- **What this task involves**
Leave out every picture, and restate word for word only the lines from the one containing "ヒンメルブロー　の駐車場" through the end of the material.
════════
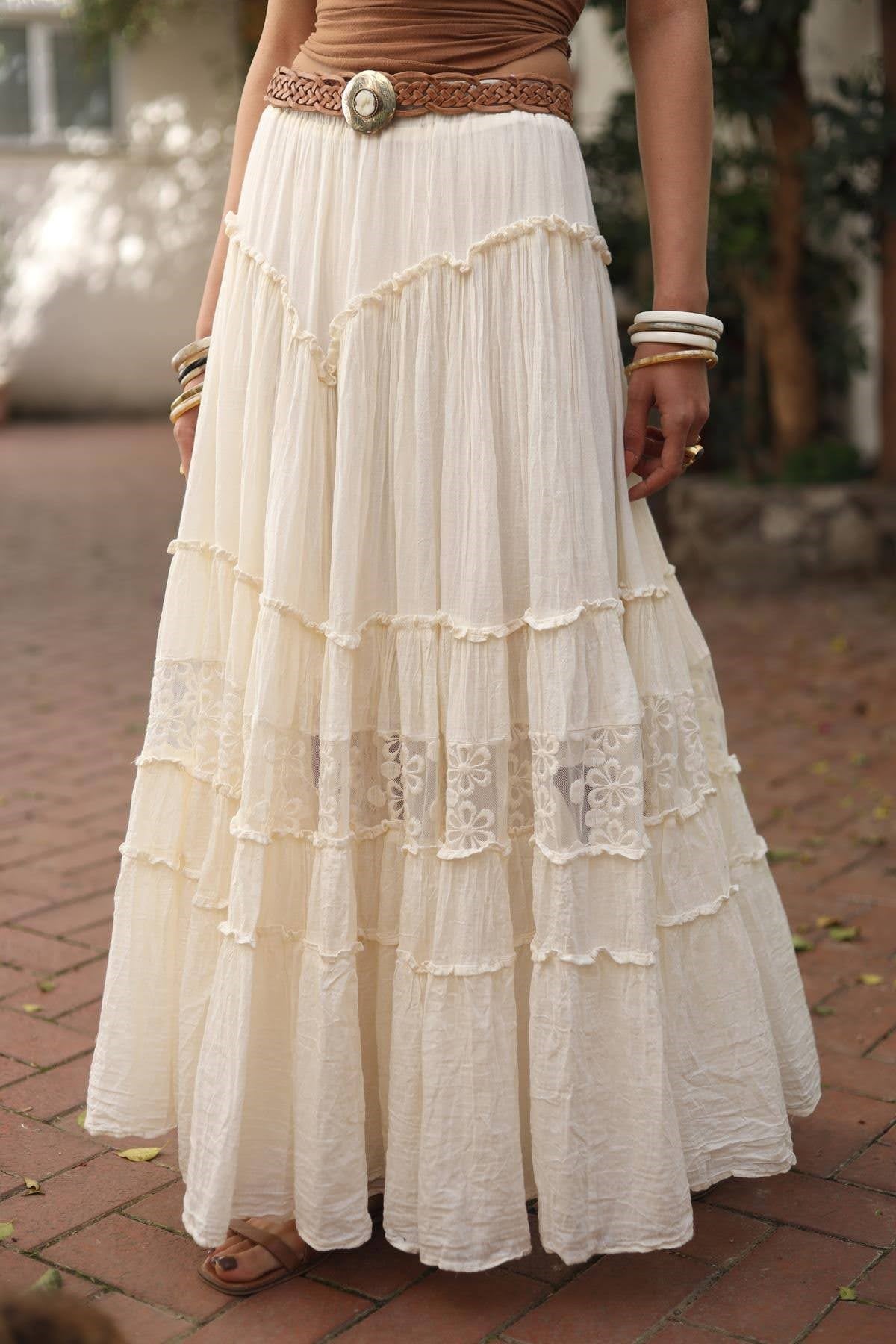 Ekru Beli Lastikli Dikiş ve Dantel Detaylı Bohem Etek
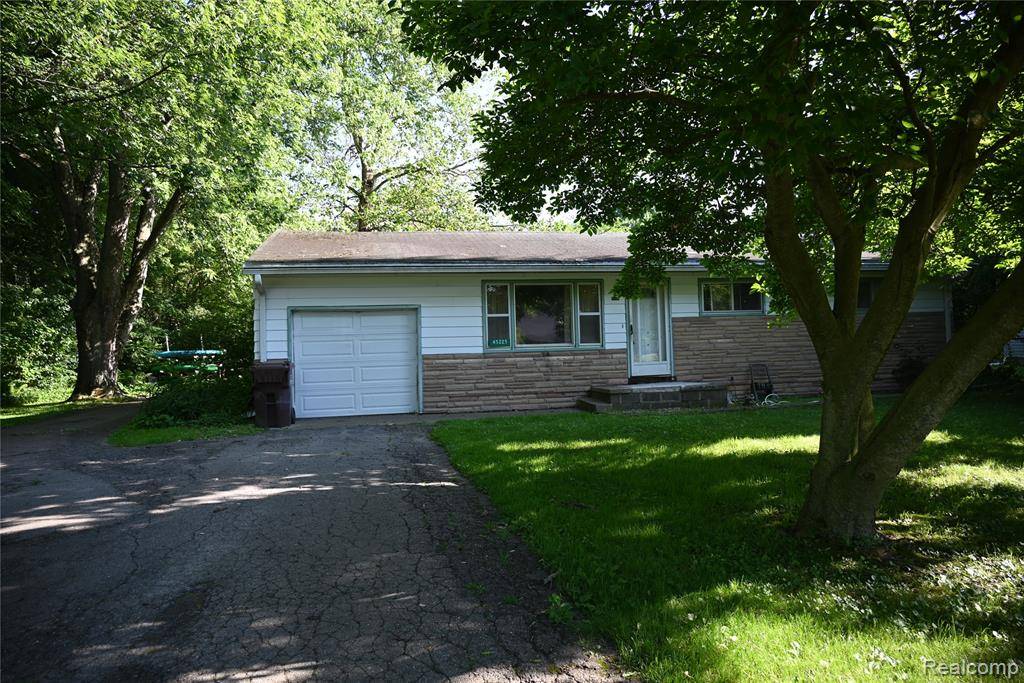 45225 Bemis Road, Sumpter Twp, MI 48111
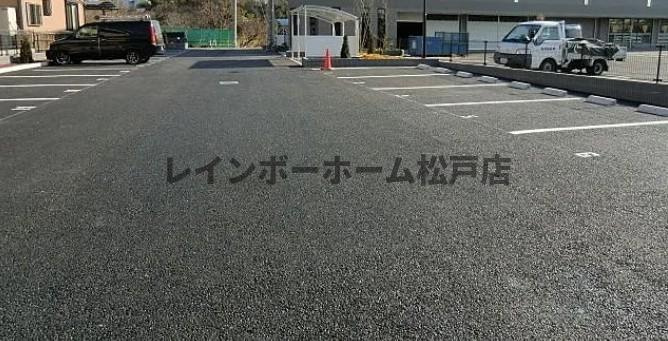 ヒンメルブロー　の駐車場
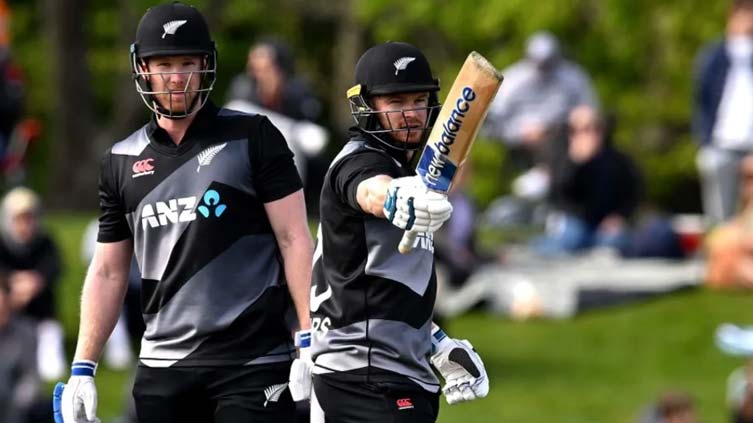 Tri-series: Milne, Philips, Conway put New Zealand in final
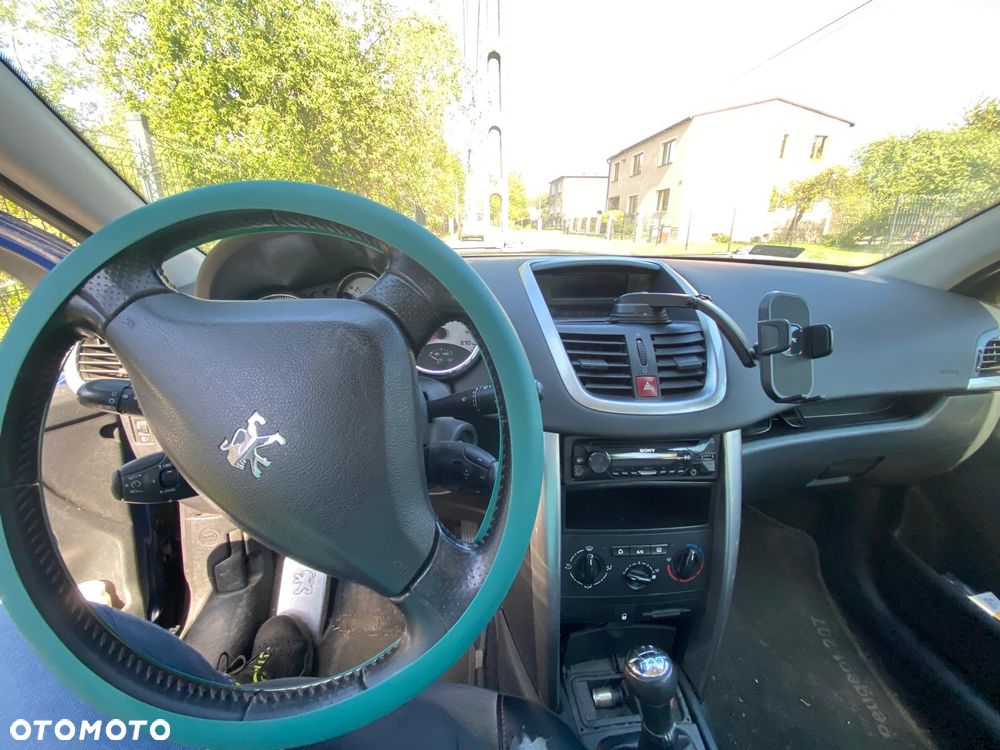 Peugeot 207 1.6 HDi - 8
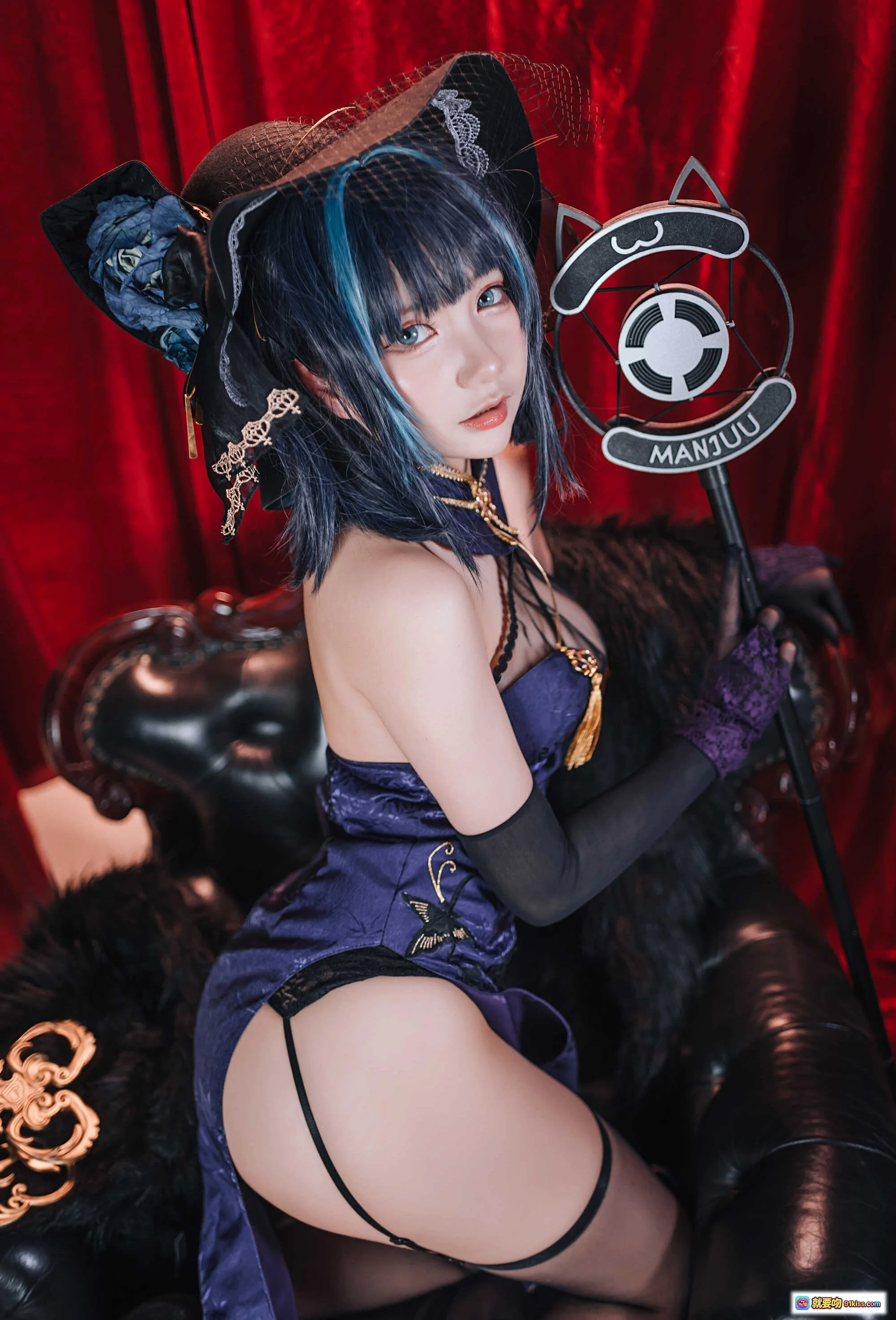 柴郡猫Cosplay写真｜紫色丝绒礼服+猫耳帽+黑丝吊带+红幕背景｜MANJUU主题美图25P - 就要吻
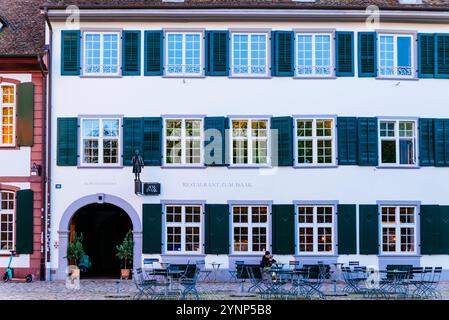 Edificio dall'architettura tipica. Ristorante Zum Isaak. Piazza Munster. Piazza pedonale di Munsterplatz. Basilea, Cantone Basilea città, Svizzera, Europa Foto Stock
════════
- **Answer for this exercise**
 ヒンメルブロー　の駐車場
 Tri-series: Milne, Philips, Conway put New Zealand in final
 Peugeot 207 1.6 HDi - 8
 柴郡猫Cosplay写真｜紫色丝绒礼服+猫耳帽+黑丝吊带+红幕背景｜MANJUU主题美图25P - 就要吻
 Edificio dall'architettura tipica. Ristorante Zum Isaak. Piazza Munster. Piazza pedonale di Munsterplatz. Basilea, Cantone Basilea città, Svizzera, Europa Foto Stock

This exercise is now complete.